Farmers in Cyprus find common ground on an island country torn in two

Deryneia Mayor Andros Karayiannis checks on organic farming in UN Buffer Zone in the Republic of Cyp
Deryneia Mayor Andros Karayiannis checks on organic farming in UN Buffer Zone in the Republic of Cyprus near his town.
(Erik Kirschbaum / For The Times)

For the last five decades, the rich red soil in Cyprus’ eerily silent demilitarized zone here has created a hospitable habitat for plants and animals found nowhere else on this divided eastern Mediterranean island.

And in recent years, farmers from both sides of the U.N.-policed buffer zone — the Greek-speaking Republic of Cyprus and the breakaway Turkish Republic of Northern Cyprus — have added organic tomatoes, cucumbers, artichokes and other crops to the flourishing flora and fauna of the 112-mile-long no-man’s land.

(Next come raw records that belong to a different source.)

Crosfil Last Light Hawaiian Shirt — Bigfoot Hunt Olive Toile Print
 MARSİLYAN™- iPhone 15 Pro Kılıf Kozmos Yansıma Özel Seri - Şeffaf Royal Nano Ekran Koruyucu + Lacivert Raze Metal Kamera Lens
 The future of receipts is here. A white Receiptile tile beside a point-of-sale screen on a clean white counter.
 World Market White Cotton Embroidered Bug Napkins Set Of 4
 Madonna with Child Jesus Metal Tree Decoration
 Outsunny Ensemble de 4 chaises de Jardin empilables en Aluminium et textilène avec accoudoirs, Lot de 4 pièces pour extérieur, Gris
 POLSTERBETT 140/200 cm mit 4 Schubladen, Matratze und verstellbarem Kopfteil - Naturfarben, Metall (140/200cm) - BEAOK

Many of these farmers, along with the mayor of the Greek Cypriot town of Deryneia, are now hoping that their efforts might sow the seeds for the eventual reunification of this beautiful 1.2-million person island.

“Through farming and cultivation of this land, we can bring people together,” said Andros Karayiannis, mayor of the town of 8,000 that lies on the eastern edge of Cyprus — just south of the U.N. partition zone, or Green Line, that has separated the two sides since 1974.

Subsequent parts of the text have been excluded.